Here is another image to illustrate the problem. When training gpt2 the gradient norms are huge when you use the same seed for each device. But when you vary the seed for each device its more sensible.

W B Chart 12_06_2024, 22_02_30 (1)

ri938 commented 3 months ago

This is the workaround I am using to fix this issue

I am adding a callback


class SeedDeviceRandomlyCallback(TrainerCallback):

    def on_train_begin(self, args, state, control, **kwargs):
        global_rank = int(os.environ['RANK'])
        new_seed = args.seed + global_rank
        print('Setting torch seed to {} on device {}'.format(new_seed, global_rank))
        torch.manual_seed(new_seed)

Because you have to set the seed to be different after get_train_dataloader has been called in order to not break data ordering.

ri938 commented 3 months ago

After applying just this one callback.

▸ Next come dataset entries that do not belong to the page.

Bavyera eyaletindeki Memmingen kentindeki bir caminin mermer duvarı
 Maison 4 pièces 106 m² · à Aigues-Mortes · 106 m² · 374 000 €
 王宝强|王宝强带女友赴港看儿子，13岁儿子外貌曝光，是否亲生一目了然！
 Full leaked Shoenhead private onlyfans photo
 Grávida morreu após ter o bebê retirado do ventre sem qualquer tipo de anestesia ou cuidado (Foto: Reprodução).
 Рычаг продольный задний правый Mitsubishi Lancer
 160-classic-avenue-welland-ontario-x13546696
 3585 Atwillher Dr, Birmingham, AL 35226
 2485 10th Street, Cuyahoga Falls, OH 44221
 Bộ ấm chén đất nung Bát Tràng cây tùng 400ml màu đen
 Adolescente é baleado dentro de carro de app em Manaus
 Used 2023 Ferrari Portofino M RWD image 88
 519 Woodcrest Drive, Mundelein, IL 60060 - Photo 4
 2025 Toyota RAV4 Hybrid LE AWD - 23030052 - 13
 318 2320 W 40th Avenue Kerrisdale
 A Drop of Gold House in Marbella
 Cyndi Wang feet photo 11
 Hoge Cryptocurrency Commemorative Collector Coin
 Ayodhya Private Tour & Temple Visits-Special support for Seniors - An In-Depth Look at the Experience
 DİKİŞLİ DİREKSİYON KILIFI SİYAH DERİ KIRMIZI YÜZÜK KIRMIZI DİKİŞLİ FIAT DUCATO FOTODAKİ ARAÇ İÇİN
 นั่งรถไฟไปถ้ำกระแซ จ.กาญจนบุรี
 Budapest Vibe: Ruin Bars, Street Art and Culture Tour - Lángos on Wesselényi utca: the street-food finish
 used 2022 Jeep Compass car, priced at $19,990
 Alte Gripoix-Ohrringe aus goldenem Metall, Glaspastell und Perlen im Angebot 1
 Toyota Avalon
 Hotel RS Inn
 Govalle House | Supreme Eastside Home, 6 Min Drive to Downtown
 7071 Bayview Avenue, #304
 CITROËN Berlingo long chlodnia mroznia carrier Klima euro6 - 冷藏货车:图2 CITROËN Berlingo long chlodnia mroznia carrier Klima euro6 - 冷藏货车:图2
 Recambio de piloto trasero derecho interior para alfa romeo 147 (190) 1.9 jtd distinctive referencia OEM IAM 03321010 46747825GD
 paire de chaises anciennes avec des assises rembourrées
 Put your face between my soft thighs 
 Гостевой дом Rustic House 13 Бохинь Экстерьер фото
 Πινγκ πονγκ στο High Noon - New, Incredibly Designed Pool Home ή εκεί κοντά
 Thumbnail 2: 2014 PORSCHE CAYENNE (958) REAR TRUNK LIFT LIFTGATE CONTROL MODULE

This is a demonstration of how much it improved performance

W B Chart 14_06_2024, 17_51_16

W B Chart 14_06_2024, 17_51_30

ArthurZucker commented 3 months ago

Would be nice to have this merged then!

ArthurZucker commented 1 month ago

@ri938 do you want to open a PR with your proposed changes?

github-actions[bot] commented 2 weeks ago

This issue has been automatically marked as stale because it has not had recent activity. If you think this still needs to be addressed please comment on this thread.

Please note that issues that do not follow the contributing guidelines are likely to be ignored.